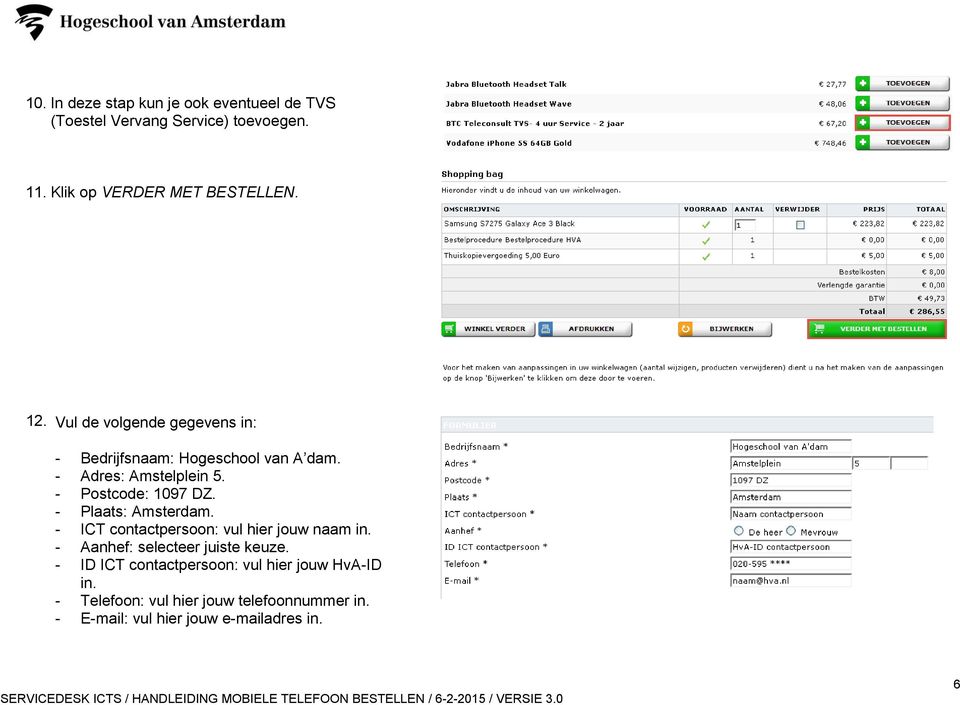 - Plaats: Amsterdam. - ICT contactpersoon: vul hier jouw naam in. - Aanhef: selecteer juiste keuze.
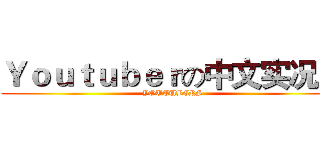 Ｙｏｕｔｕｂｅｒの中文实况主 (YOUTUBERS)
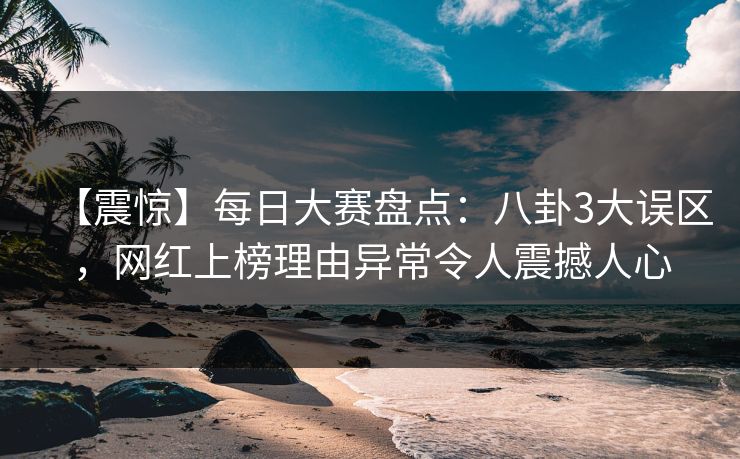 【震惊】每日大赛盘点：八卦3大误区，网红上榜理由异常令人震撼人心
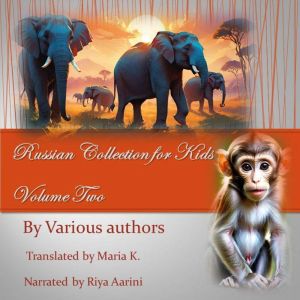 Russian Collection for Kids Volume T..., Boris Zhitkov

________________________________________

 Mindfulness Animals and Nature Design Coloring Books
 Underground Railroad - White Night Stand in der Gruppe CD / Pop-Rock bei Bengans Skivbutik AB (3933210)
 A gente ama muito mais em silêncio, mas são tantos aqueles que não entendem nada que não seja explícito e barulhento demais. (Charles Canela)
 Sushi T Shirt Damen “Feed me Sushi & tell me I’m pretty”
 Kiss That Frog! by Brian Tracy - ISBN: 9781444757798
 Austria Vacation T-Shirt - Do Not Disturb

________________________________________

*THE TASK*. Starting at the line above that holds "Mindfulness Animals and" and ending at the line that holds "Austria Vacation T-Shirt - Do Not Disturb", transcribe each line exactly and include no other lines.

*FINAL ANSWER*.
 Mindfulness Animals and Nature Design Coloring Books
 Underground Railroad - White Night Stand in der Gruppe CD / Pop-Rock bei Bengans Skivbutik AB (3933210)
 A gente ama muito mais em silêncio, mas são tantos aqueles que não entendem nada que não seja explícito e barulhento demais. (Charles Canela)
 Sushi T Shirt Damen “Feed me Sushi & tell me I’m pretty”
 Kiss That Frog! by Brian Tracy - ISBN: 9781444757798
 Austria Vacation T-Shirt - Do Not Disturb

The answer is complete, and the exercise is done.